As everyone I know falls into the category of ‘knows nothing about my mentalness’ this is a problem that frequently crops up. For example, when I try and explain stuff to my friends they think I’m joking or exaggerating- even when I put on my serious face.
So when I mix things up and people laugh and say that I must be hallucinating I leave the room and pace about for a bit thinking: Shit, my mind’s slipping away… instead of laughing and making some offensive comment about how I must be a nutter, and when my friend starts smacking my other friends arm with a pair of open scissors and laughs at the way I flinch it’s hard to communicate that it’s not funny.
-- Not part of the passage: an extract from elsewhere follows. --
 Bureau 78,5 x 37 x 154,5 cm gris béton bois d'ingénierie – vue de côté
To further illustrate my point I should elaborate by saying that in the above scenario said friend followed up the laughter by asking: what’s the matter Wren? Do you not like seeing people hurt themselves? In a sarcastic tone of voice. As you can imagine I gawped for a moment and then screeched that: No I don’t- stop it! To which he laughed and carried on.
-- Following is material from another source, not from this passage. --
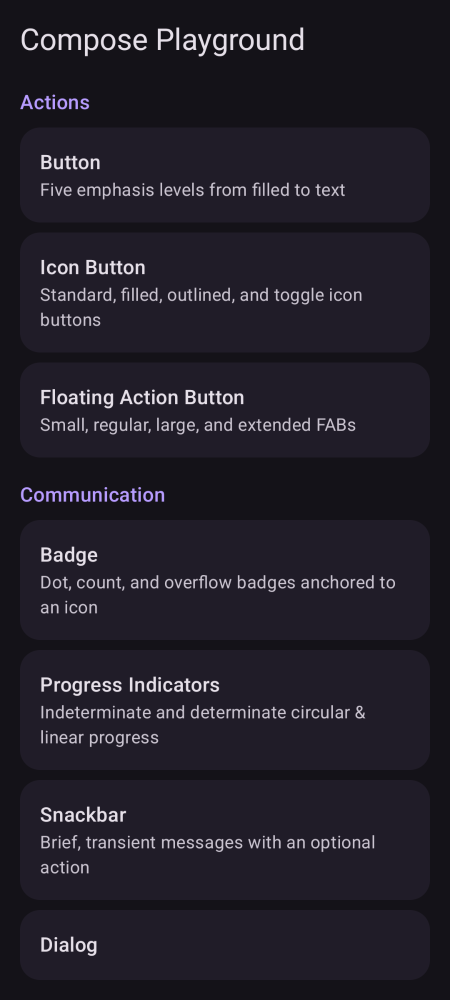 Compose Playground home screen in dark theme.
It’s sort of hard to communicate that I’m not joking- that what he was doing wasn’t disturbing me, or making me squeamish, it was exciting me.
I hate it when I snap at people and they turn away and pull that face- you all know the one, the: Ooh, what’s crawled in her and died? Face. I want to smack them- or tell them the truth, that would knock them for six, but I don’t have about six hours to explain my life.
Someone should write a pamphlet: How to Deal with the Normals. Someone should also make me a sticker that says: Irony Magnet. As it seems to dominate my life, every time I walk out of the door someone says something stupidly ironic. Like my best friend stating loudly in English that: murder is much more common than suicide- nobody tries to kill themselves. Whilst I was in the room- the best part is that she knows that I’m suicide obsessed! And then my friend, just after we discovered that I’d had weird hallucination, said: You must be going mad Wren.
Hence the reason why my facial expressions deviate constantly between ‘bewildered/astonished’ and ‘freaking out’ and not much else.
I think one day I’m just going to have a total social breakdown and sit in the corner of some classroom laughing hysterically at people… it’s really the only sensible course of action.
Listening to: Dead To Me by Dyonisis. This is such a wonderfully hate filled song, with a really nice rock feel to it- though it manages to be easy on the ears with the beautiful, slightly ethereal singing.